Monday, July 18, 2011

Pimientos de Padron


Padron peppers have taken America by storm. They originated in the municipality of Galicia, Spain, where they have long been a popular tapas dish simply sauteed in olive oil and sprinkled with sea salt. They were first brought to the Pacific Northwest by Manuel and Leslie of Viridian Farms, and have since been grown by a dozen other farms on the west coast. In Galicia, they have a saying, "os pementos de Padron, uns pican e outros non," a rhyme that translates as "some are hot and some are not." Manuel and Leslie say that only one in twenty is spicy, but I find it to be more like one in seven!



At Park Kitchen, I like to cook them with all sorts of accompaniments, from chanterelles and cherry tomatoes, to gnocchi or octopus. They also make a lovely side dish for a pork roast or braised beef. Their size and mild heat are so versatile that they deserve a versatile presentation. You can find them at many farmers markets from July to late September or early October. They are quick and easy to cook, so give them a try.

Considering Dessert


I have enjoyed my subscription to Art of Eating for years. It is an opinionated quarterly, and a rare kind of food magazine in today's publishing world, a work of diligent food journalism that has thus far not diluted its content to the full color photography driving most monthly magazines. When I received the latest issue with several articles addressing desserts and pastry, it was as if Edward Behr and his team had peered into my recent thoughts on the sweet subject.

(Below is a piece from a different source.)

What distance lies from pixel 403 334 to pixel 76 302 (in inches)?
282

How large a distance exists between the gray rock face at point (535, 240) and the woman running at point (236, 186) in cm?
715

Mr. Behr himself wrote A Point of View in Pastry, describing the talents of Shuna Lydon. In writing about her work history, he is able to discuss the differences between east and west coast sensibilities regarding the final course. I like what he has to say about Lydon, and his observations of the craft. His conclusion particularly resonated with me. "A dessert has to fit the whole of the restaurant. It has to mesh with the savory part of the menu; the waiters have to be able to describe and sell it; the time between order and pickup can't be too long." As usual, his observations extend beyond creativity, and place it within the context of the logistics of a restaurant.

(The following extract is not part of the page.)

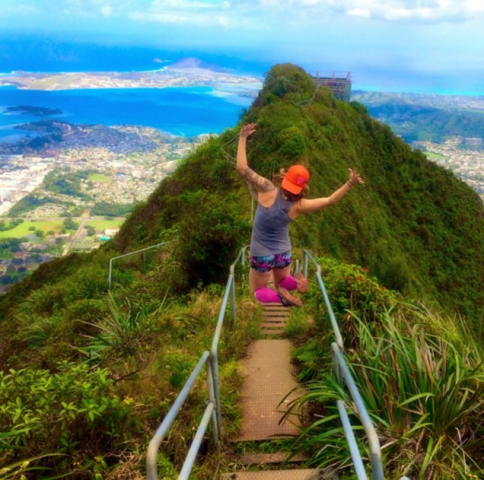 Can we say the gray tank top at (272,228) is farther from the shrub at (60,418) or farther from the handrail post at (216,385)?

I started my career in cooking as a baker and pastry chef. Now, after many years of savory cooking, I am once again directing the pastry program at Park Kitchen. My perspective has changed, and my approach to desserts are more of an extension of the savory meal. I think this makes my menu more consistent, and the transition from savory to sweet is more seamless. I also set out to make the desserts complete without fussy garnishes and inedible decorations. I was inspired by influential pastry chefs like Claudia Fleming to make desserts as seasonally focused as the rest of the menu. So I was eager to read Mitchell Davis' well written article, Where is Dessert Headed? and see what he thinks of American desserts in the twenty-first century.

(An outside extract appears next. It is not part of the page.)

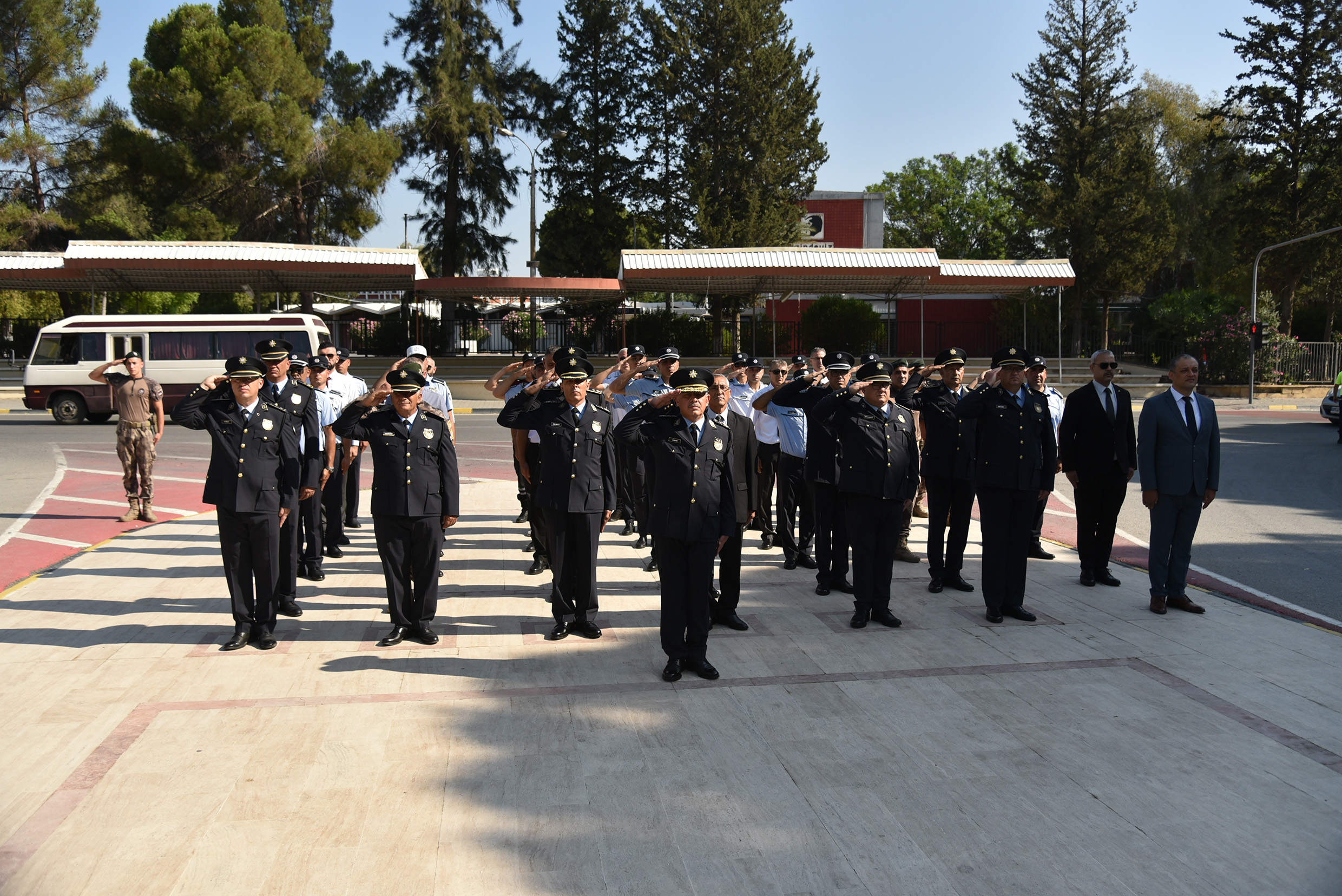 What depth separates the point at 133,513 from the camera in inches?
466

Mr. Davis begins by proposing that American tastes have evolved over the last half century, but "our dessert tastes are for the most part stuck at a five year old's birthday party circa 1952." I suppose this is true inasmuch as America loves comfort foods. He proceeds by asking the question "what makes a dessert great?" Is it innovation or is it satisfaction? It really depends on the audience. Mr. Davis describes a recent meal at the James Beard House in which Matt Lightner served his creative seasonal cuisine with mixed responses. Although Mr. Davis enjoyed the meal immensely, "it felt as though half the dining room was in rapture and the other half wanted their money back." This is usually the response to very personal creations. They may seem like a revelation to some, while being completely lost on others.

This is especially the challenge of restaurant desserts and pastry. In the restaurant industry, desserts are a loss-leader. The ingredients cost a lot, perishable fruits and fine chocolates, and the techniques require a lot of time and skill. The price of desserts rarely covers the cost of their own production. This is perhaps the reason why the world's most innovative pastry chefs have abandoned their posts, and in many cities, pastry chefs are becoming as hard to find as sommeliers. In Spain, Albert Adria, former pastry chef at El Bulli is now the owner of a tapas bar. In America, Alex Stupak, former pastry chef of Alinea, now owns a Mexican restaurant, and Sam Mason, former pastry chef of WD-50 is now a bartender. This seems to me to be at the heart of the question "Where is dessert headed?"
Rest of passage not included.